Hey my fellow ADHD'ers,
My very supportive girlfriend of three to four years dating broke up with me on the day before Thanksgiving. To be honest, I really really let her down and I am so down on myself. She was always there to nudge me in the right direction so I could continue my education and find something I was passionate about. We moved in together two years ago because she needed a roommate during her marriage and family college courses. Being the caring and supportive person that I am, I jumped at the opportunity to finally take our relationship to the next level. My overly optimistic approach to life and constant internal self-reflection that lead to no follow through were few of the many weaknesses that slowly made me lose myself in the process.

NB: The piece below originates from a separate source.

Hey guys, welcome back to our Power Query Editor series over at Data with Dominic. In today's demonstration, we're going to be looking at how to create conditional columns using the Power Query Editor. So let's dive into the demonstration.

I started to stop going to my community college courses, jumped from one job to another job to another job, and lacked the self-confidence to even do anything from all of her friend's and family constantly asking what I was doing with my life. She gave me so many opportunities for us to work it out, but I did not have the time-sensitive urgency and follow through to make it happen. My (ex) girlfriend broke up with me for this following reasons:
- I was not financially stable and jumped from job to job to another job while we lived together.

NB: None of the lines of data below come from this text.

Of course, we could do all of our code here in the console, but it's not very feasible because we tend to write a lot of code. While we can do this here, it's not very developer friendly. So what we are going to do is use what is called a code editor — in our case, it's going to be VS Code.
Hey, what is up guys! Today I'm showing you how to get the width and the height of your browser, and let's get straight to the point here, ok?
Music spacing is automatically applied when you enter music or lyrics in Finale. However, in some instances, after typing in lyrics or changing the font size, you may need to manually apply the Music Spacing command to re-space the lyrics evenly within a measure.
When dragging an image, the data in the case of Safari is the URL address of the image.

- The relationship dynamic somehow shifted from partners to a mother/son duo
- Being hyperfocused on the "we", I lost who I was in the process. She something along the lines of "Kevin, I know who I am without you, but who are you without me?" when we broke up.
- Shifting interests and constantly overpromising and underdelivering
- This was the last straw for her the weekend before Thanksgiving, she didn't talk about me passionately or proudly about me when people ask who I am or what I do. She would just give a generic response like "Oh Kevin is a barista now at Starbucks and he's gonna be an Organizational Leadership major at Arizona State University through the Starbucks College Achievement Program
- I am back to square one and writing this from my bedroom at my parent's house. I have asked a few mutual friends how she is doing and I know that she's both mad and sad at me. I did not want to see that this relationship was falling apart and pushed it back to my mind. To be honest, I am both heartbroken and hurt but I am more upset at myself for letting this happen. I always said to her that I did not want a breakup to help motivate me to become a better version of myself. I am so confused and lost right now. I loved her and our dog that we adopted together so much but I cannot even make a damn thought into an action. I don't know if I am even ready for another relationship and I will be honest that I am not sure we will ever get back together. I can only control myself going forward from now on and building myself into a better financial and passionate individual. Whatever happens, will happen.